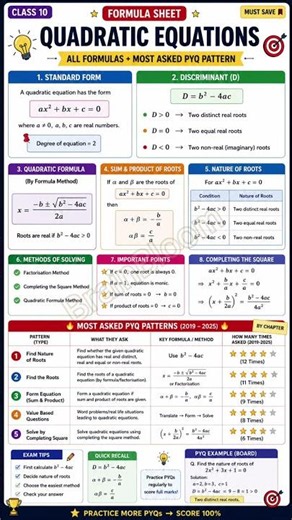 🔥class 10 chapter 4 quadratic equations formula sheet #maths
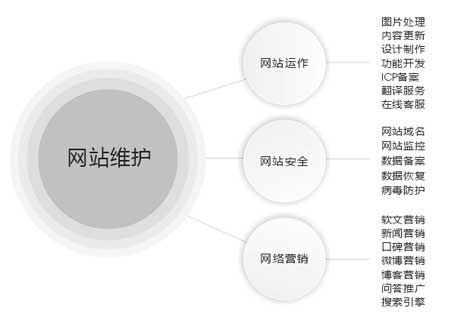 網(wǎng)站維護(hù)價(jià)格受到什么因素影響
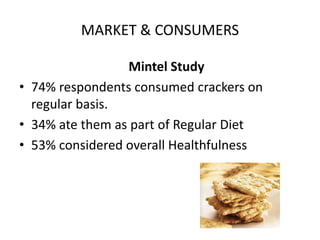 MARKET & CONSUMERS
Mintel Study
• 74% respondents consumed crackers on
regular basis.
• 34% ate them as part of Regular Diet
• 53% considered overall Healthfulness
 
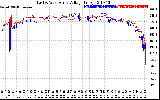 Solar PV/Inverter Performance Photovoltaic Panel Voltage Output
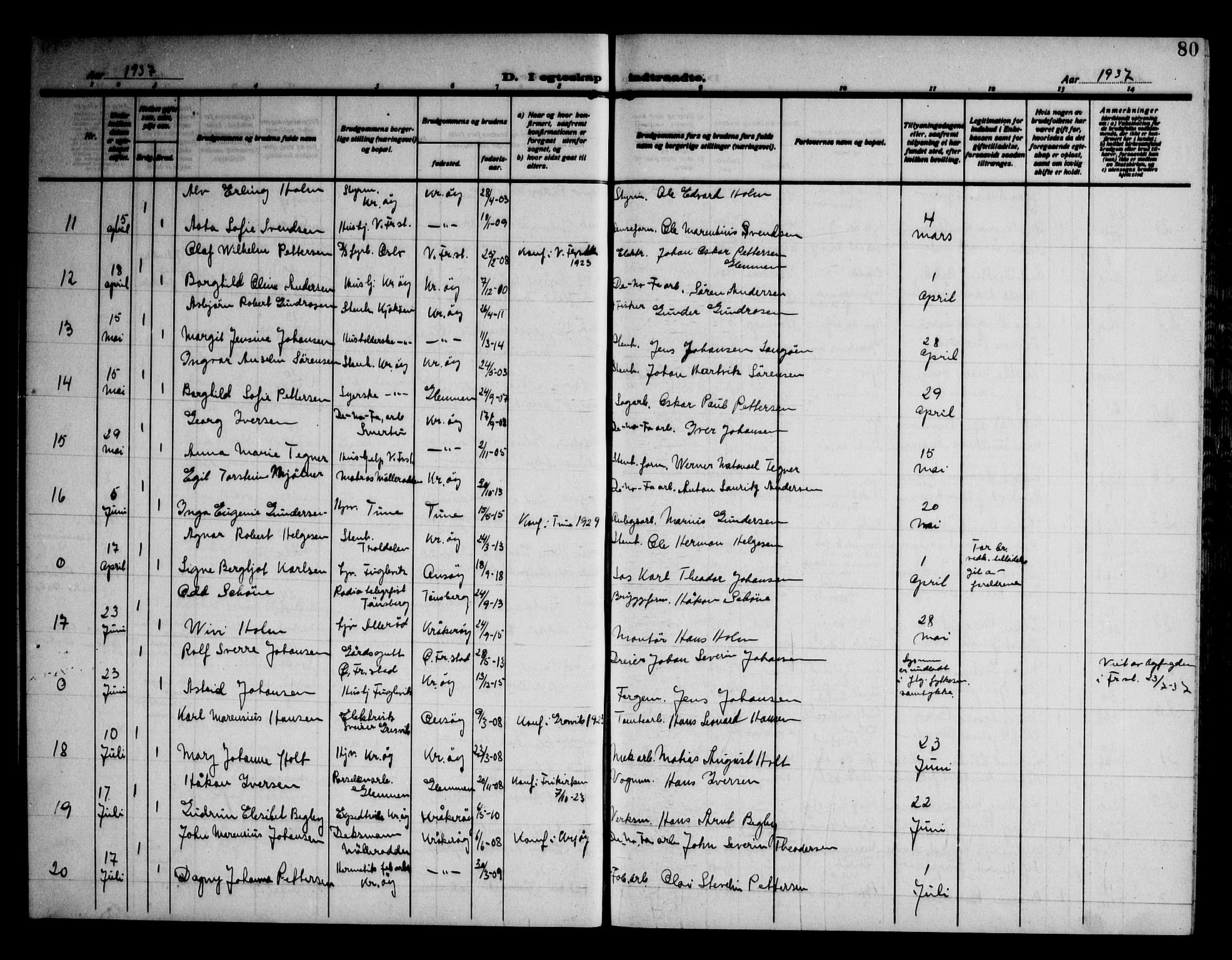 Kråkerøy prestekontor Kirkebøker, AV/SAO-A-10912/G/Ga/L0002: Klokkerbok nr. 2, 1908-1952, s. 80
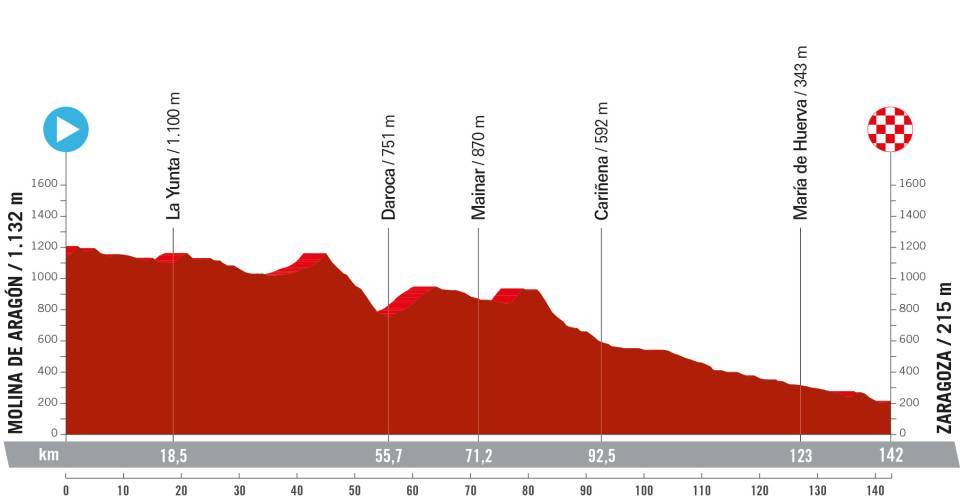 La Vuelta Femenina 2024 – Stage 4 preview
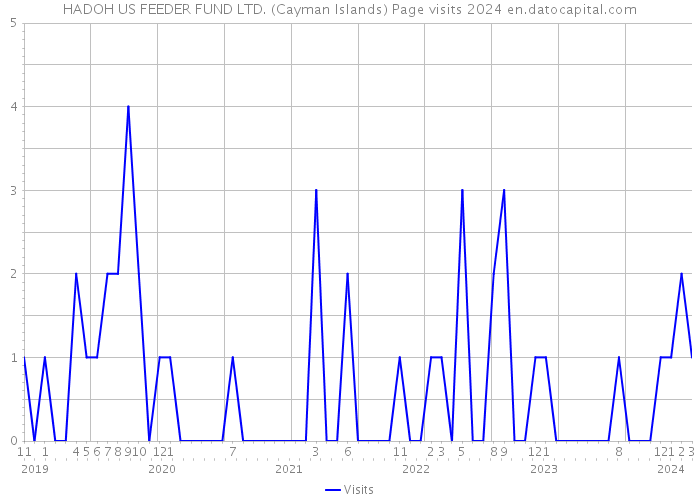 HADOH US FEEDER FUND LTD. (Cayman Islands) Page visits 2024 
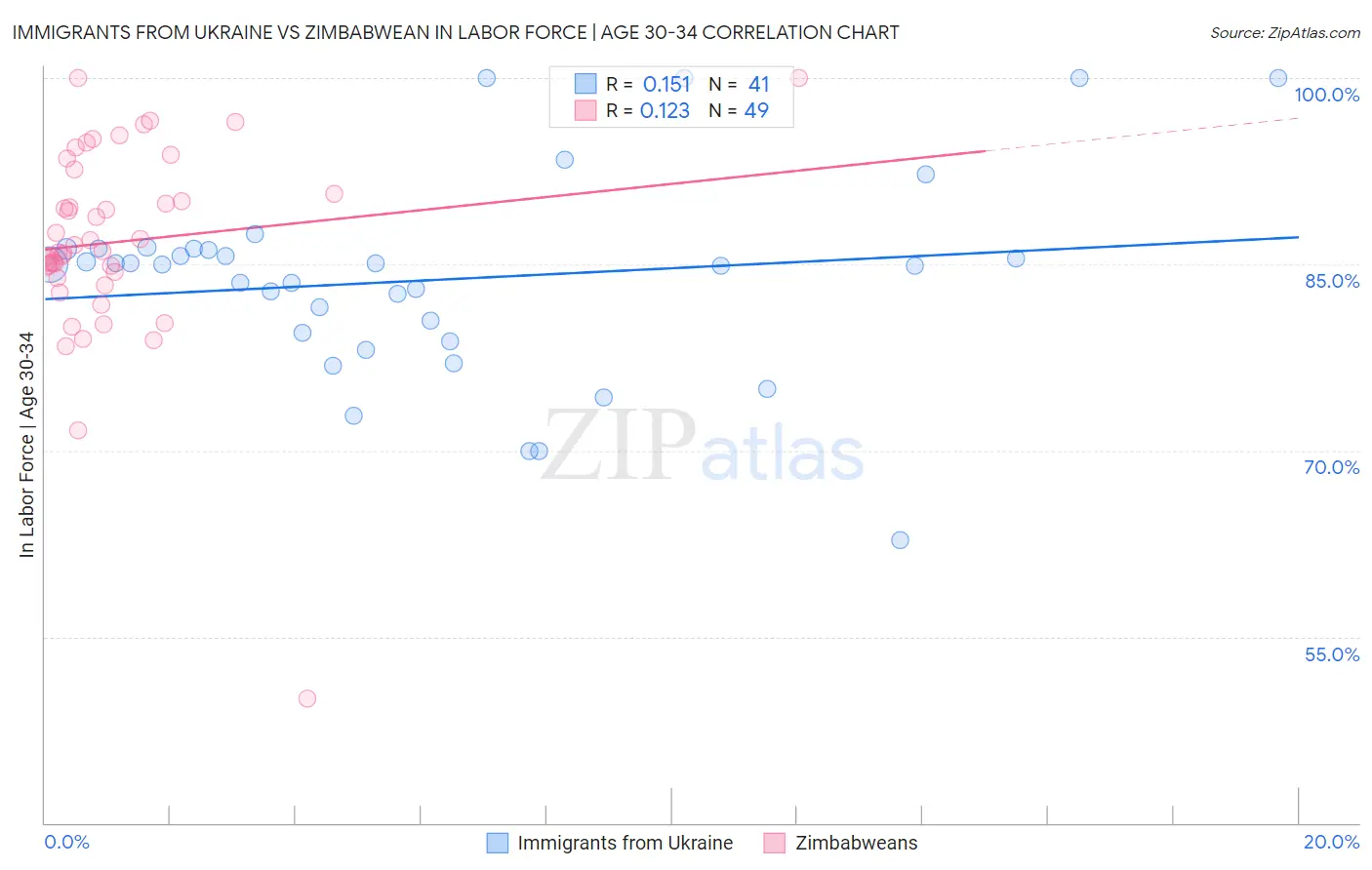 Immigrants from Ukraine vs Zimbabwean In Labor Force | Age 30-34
-------
All of the data must be given again exactly, without the pictures.

 🔥class 10 chapter 4 quadratic equations formula sheet #maths
 網(wǎng)站維護(hù)價(jià)格受到什么因素影響
 MARKET & CONSUMERS
Mintel Study
• 74% respondents consumed crackers on
regular basis.
• 34% ate them as part of Regular Diet
• 53% considered overall Healthfulness
 
 Solar PV/Inverter Performance Photovoltaic Panel Voltage Output
 Kråkerøy prestekontor Kirkebøker, AV/SAO-A-10912/G/Ga/L0002: Klokkerbok nr. 2, 1908-1952, s. 80
 La Vuelta Femenina 2024 – Stage 4 preview
 HADOH US FEEDER FUND LTD. (Cayman Islands) Page visits 2024 
 Immigrants from Ukraine vs Zimbabwean In Labor Force | Age 30-34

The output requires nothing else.